上の必要条件を考慮にいれ、一連の内部キャリブレーターを、ポジティブアッセイの校正コントロールとして使用するために開発した。このキャリブレーターは、ランダム配列の合成アンプリコン(84ヌクレオチド長)であった。これらアンプリコンは、それらが、アッセイの設計必要条件を満たし、そして、ヒトゲノム中のあらゆる配列に対して有意な配列同一性を有さなかったので、選択された。
このような内部キャリブレーターを生成するための全体的なストラテジーは、ランダム配列のオリゴヌクレオチド(それぞれ、21ヌクレオチド長)の一群を生成することから始まった。その後、これらの構成要素のオリゴヌクレオチドを、ランダムな84マーのオリゴヌクレオチドへと組み立てた。

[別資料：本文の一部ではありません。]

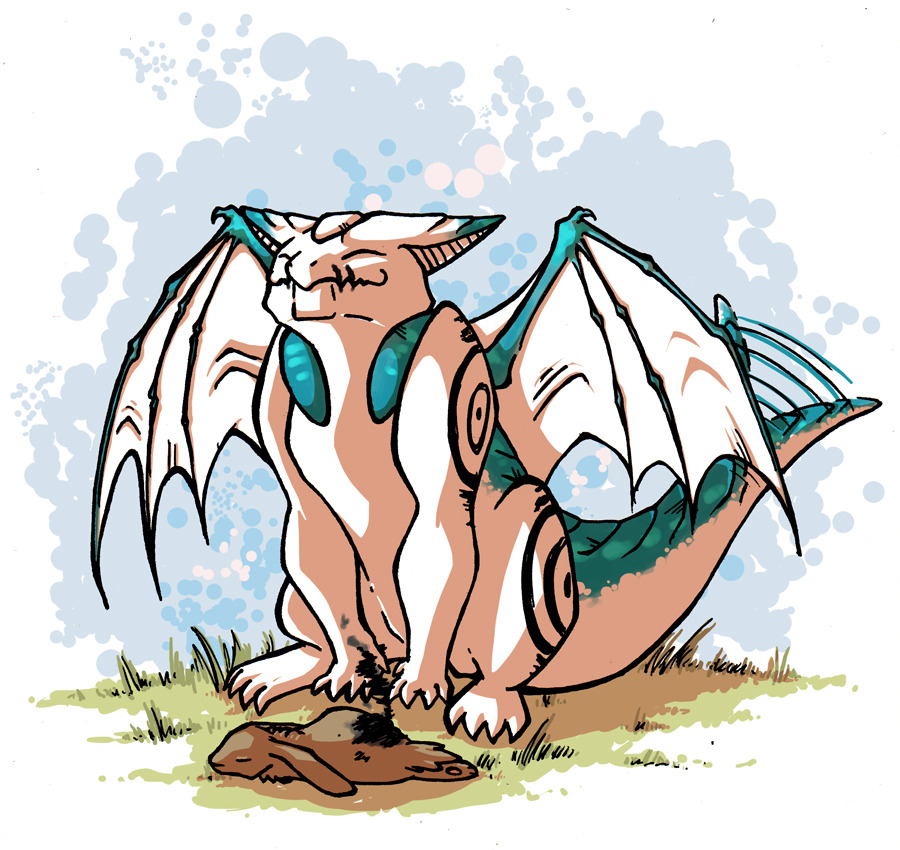 momoless:  I just wanted to draw uniformshark’s dragonformers Tailgate… =w=  He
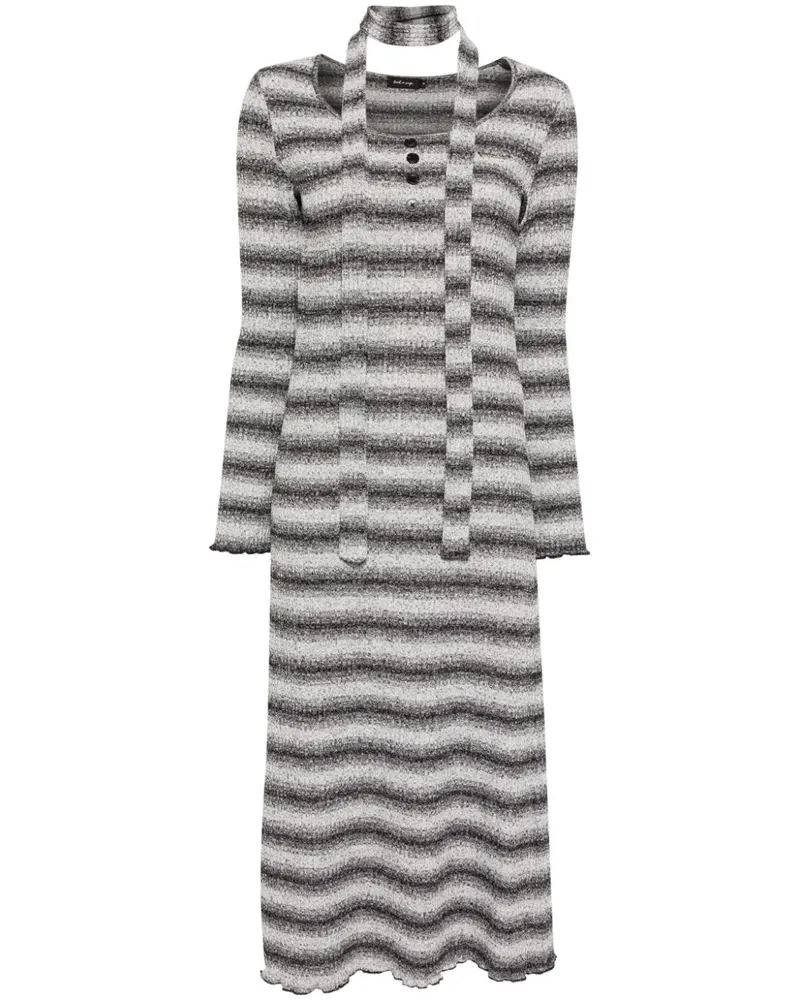 Tout a Coup Gestreiftes Kleid - Schwarz Schwarz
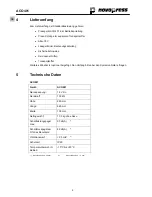 Preview for 10 page of NovoPress ACO401 Operating Manual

このオリゴヌクレオチドを、ヒトゲノムと(例えば、BLASTソフトウェアを使用して)比較し、そして有意なヒットがない配列を選択した。
1.21のオリゴヌクレオチドの1000のランダム配列を生成した。
2.この1000のオリゴヌクレオチドを、BLASTソフトウェアを使用してヒトゲノムと比較し、そして、有意なヒットがないオリゴヌクレオチドを選択した。
3.工程2で得られたオリゴヌクレオチドを、4グループに分け、そして、84のヌクレオチドのオリゴへと鎖状につないだ。その後、プライマー設計およびプローブ設計、そしてさらにスクリーニングが続いた。

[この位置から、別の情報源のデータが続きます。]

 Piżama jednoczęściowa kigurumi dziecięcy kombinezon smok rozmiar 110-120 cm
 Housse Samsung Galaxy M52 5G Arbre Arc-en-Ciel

4.結果として生じる84塩基のオリゴヌクレオチドを、BLASTによって再度ヒトゲノムと比較し、スクリーニングして完全一致の最も短い一部(string)を有する上位16個の配列を選択した。
5.プローブおよびプライマーを、16のオリゴのPCR増幅のために設計し、プライマーダイマーの存在を試験した。上の基準に合格した最終的な12個の84マーのオリゴを、内部較正用コントロール配列として選択した。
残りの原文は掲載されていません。